Monday, August 25, 2014

Essay 2 in Alan Race & Paul M. Hedges, Christian Approaches to Other Faiths (London, UK: SCM, 2008)

Paul Hedges wrote the second essay in Christian Approaches to Other Faiths (London, UK: SCM, 2008) titled 'A Reflection on Typologies: Negotiating a Fast-Moving Discussion.' The first half of this chapter examines the various typologies or conceptual models that have been used when discussing theology of religions. In the second half, it fine-tunes the classical typology suggested by Alan Race in the 1980s and developed his own 'particularities' model. 

The main typologies that Hedges engages with are:
  1. Alan Race's exclusivism, inclusivism, and pluralism.
  2. Perry Schmidt-Leukel's atheism, exclusivism, inclusivism, and pluralism.
  3. Veli-Matti Kärkkäinen's ecclesiocentric, christocentric, and theocentric.
  4. Paul Knitter's replacement, fulfilment, mutuality, and acceptance.
  5. Owen Thomas' truth-falsehood, relativity, essence, development-fulfilment, salvation-history, revelation-sin, and new-departure.
Hedges' own typology is based on Race's. He envisages that a good typology should be descriptive (contrast prescriptive), heuristic (contrast normative), multivalent (contrast defining), and permeable (contrast closed). Therefore he suggests that each category should be in the plural: exclusivisms, inclusivisms, pluralisms, and particularities. 

The particularities model that Hedges proposes takes seriously the uniqueness of each religion and so it can hardly conclude how religions relate among themselves. Particularists reject metanarrative. Objective evaluation various religions cannot be done. These are regarded as unknowable. The particularities position is thought to transcends exclusivism, inclusivism, and pluralism. As Hedges writes,
The orientation of particularity has affinities with exclusivist type approaches, in that it sees each faith as being 'tradition-specific', which is to say, it speaks its own unique language about its own unique goals and purposes. It also has affinities with inclusivisms, in that many particularists allow that the Holy Spirit may be at work in other faiths. It might also move towards some measure of overlap with pluralisms, for a number of particularists hold that other faiths display some purpose within the divine mystery and may hold truths from which Christianity can learn.  However, as defined here, particularity is grounded in post-modernism, and it is this which provides its distinctive character. (p.27)
Hedges explains what he means by 'post-modernism',
Post-modernism relates to the theology of religions by disputing basic (modern) assumptions.

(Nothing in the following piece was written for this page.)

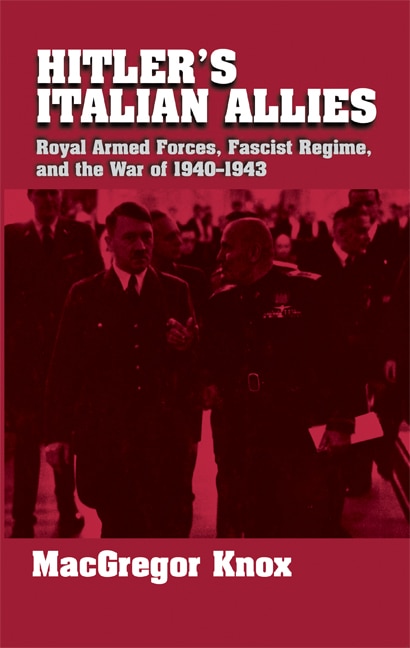 Front cover_Hitler's Italian Allies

One of these is the question of whether all 'religions' are pursuing the same goal, even granting that such a category termed 'religions' exists at all. It also emphasizes the need to respect the religions 'Other', rather than fit other faiths within a grand overarching (Western, rational, controlling) metanarrative.
Without metanarrative, particularities have no common ground that could arbitrate between religions. They strongly affirm the unique particularity of each religion. For this reason, their proponents hold on to "indeterminacy" in how God works through other faiths. The Holy Spirit's function in other religions is unknowable. (p.29)

My critique on this model is that it renders futile the quest for theology of religions. If we assume that we cannot say anything theologically meaningful about other faiths from our own religious tradition, then it follows that any distinctly Christian approach to them is impossible. The attempt for theology of religions is conceptually prohibited at the outset.

Hedges has written chapter 6 to elaborate on the particularists position. Perhaps he will address this concern there.